For state-dependent encoding, the subroutine is placed in its initial state by a call for which the inbuf value is a null pointer. Subsequent calls with the inbuf parameter as something other than a null pointer cause the internal state of the function to be altered as necessary.
- iconv_close
- Closes the conversion descriptor specified by the cd variable and makes it usable again
In a network environment, the following factors determine how data should be converted:
- Code sets of the sender and the receiver
- Communication protocol (8-bit or 7-bit data)
The following table outlines the conversion methods and recommends how to convert data in different situations.
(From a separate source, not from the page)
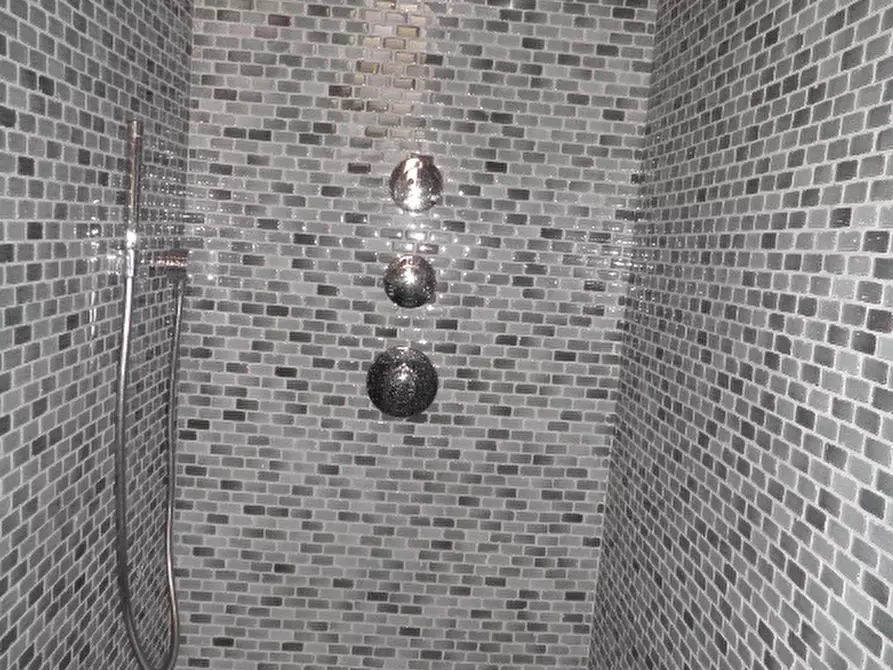 Immagine 9 di Appartamento in vendita  a Viareggio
Criteria | Communication protocol | Communication protocol |
---|---|---|
method to choose | 7-bit only | 8-bit |
as is | not valid | best choice |
fold7 | OK | OK |
fold8 | not valid | OK |
uucode | best choice | OK |
This table shows communication with system using different code set or when receiver's code set is unknown.
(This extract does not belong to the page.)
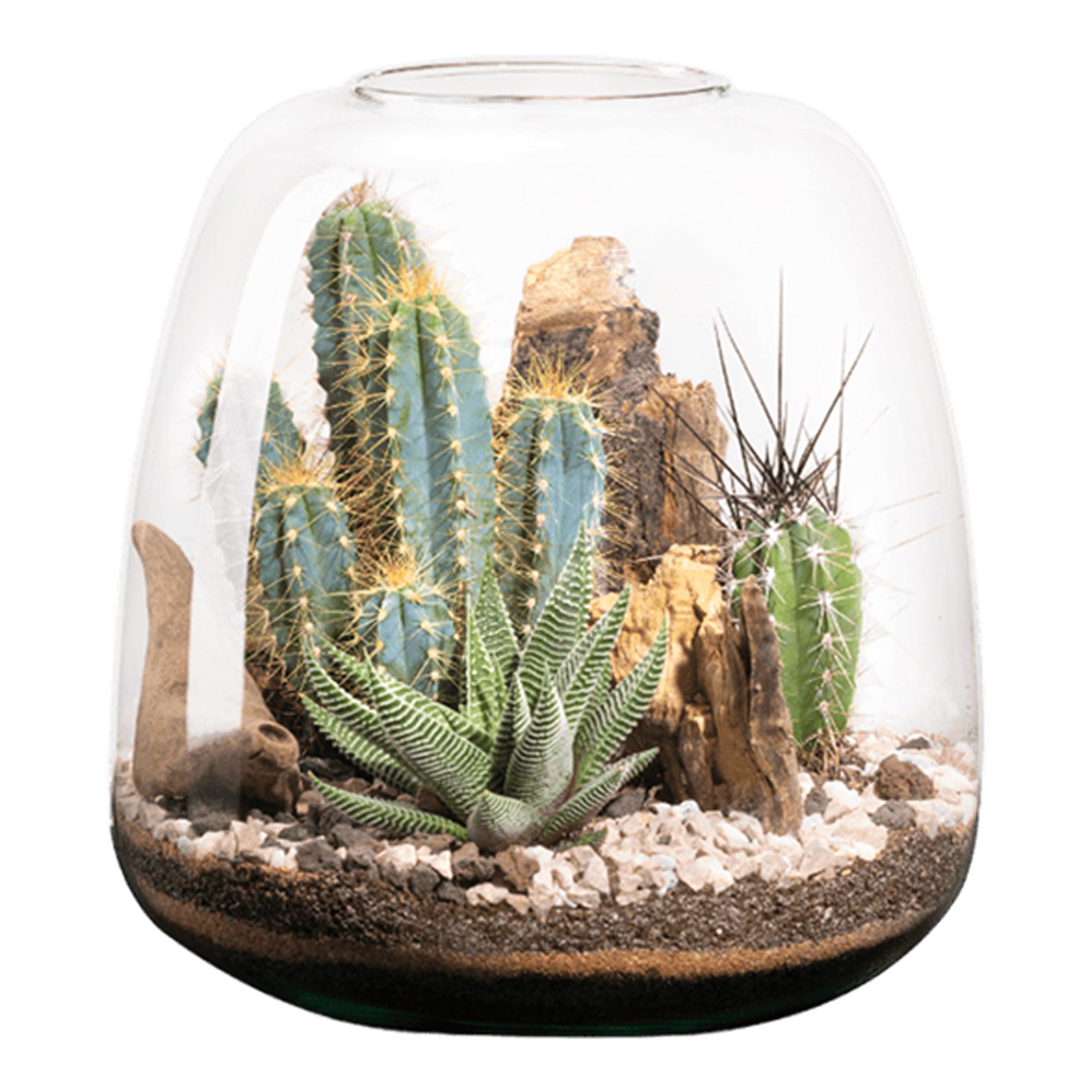 Imagen 0 de Terrario Moly l Cactus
Criteria | Communication protocol | Communication protocol |
---|---|---|
method to choose | 7-bit only | 8-bit |
as is | not valid | not valid if remote code set is unknown |
fold7 | best choice | OK |
fold8 | not valid | best choice |
uucode | not valid | not valid |
If the sender uses the same code set as the receiver, the following possibilities exist:
- When protocol allows 8-bit data, the data can be sent without conversions.
- When protocol allows only 7-bit data, the 8-bit code points must be mapped to
7-bit values. Use the iconv interface and one of the following methods:
- uucode
- Provides the same mapping as the uuencode and uudecode commands. This is the recommended method.
- 7-bit
- Converts internal code sets using 7-bit data. This method passes ASCII without any change.
If the sender uses a code set different from the receiver, there are two possibilities:
- When protocol allows only 7-bit data, use the fold7 method.
- When protocol allows 8-bit data and you know the receiver's code set, use the
iconv interface to convert the data. If you do not know the receiver's code set, use the following
method:
- 8-bit
- Converts internal code sets to standard interchange formats. The 8-bit data is transmitted and the information is preserved so that the receiver can reconstruct the data in its code set.